= Work item =
Find every line below with the word "Silk". Then give only how many there are.

= Raw data =
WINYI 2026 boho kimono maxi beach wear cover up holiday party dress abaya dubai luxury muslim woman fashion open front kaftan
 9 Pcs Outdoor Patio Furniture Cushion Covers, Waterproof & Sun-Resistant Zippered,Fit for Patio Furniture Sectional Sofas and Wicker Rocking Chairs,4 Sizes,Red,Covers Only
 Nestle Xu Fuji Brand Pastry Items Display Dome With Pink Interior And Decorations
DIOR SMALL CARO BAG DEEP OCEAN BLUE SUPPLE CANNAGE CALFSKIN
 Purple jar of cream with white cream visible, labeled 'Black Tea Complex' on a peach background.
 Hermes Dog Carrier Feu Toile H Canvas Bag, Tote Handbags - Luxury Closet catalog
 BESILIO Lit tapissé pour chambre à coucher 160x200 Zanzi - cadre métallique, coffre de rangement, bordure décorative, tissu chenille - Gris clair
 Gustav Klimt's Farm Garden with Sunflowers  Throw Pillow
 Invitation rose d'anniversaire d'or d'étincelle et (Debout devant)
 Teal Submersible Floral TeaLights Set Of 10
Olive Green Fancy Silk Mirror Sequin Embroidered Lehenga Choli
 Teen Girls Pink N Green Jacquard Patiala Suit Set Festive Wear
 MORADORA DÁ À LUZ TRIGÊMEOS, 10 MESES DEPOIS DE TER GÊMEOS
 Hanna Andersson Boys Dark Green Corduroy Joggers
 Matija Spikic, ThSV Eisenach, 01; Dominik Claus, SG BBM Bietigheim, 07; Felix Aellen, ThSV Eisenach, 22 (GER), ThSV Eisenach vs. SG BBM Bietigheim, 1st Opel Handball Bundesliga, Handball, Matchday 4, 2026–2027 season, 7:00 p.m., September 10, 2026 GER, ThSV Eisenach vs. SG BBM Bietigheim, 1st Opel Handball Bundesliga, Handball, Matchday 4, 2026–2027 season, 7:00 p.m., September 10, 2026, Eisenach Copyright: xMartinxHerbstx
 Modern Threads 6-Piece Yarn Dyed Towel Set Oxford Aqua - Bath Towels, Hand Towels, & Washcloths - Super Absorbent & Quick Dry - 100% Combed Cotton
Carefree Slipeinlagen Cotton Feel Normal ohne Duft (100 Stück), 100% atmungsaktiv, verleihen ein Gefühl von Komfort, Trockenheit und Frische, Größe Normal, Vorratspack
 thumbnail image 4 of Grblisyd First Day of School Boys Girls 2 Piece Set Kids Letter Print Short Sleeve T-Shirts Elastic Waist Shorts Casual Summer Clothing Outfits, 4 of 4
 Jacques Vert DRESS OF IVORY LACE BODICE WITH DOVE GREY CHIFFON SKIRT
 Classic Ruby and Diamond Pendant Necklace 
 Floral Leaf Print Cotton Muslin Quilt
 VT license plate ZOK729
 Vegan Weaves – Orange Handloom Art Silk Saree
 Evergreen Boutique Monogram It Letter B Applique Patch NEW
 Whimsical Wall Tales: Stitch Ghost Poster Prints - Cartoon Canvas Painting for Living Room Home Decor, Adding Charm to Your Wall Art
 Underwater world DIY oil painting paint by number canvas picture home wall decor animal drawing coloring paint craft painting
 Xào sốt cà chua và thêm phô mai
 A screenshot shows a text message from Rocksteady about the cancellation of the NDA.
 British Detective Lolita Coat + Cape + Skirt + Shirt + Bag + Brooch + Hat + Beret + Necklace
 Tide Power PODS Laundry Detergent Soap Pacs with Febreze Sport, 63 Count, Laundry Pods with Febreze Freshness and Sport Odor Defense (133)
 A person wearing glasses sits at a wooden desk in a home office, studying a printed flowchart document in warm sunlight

= Task result =
2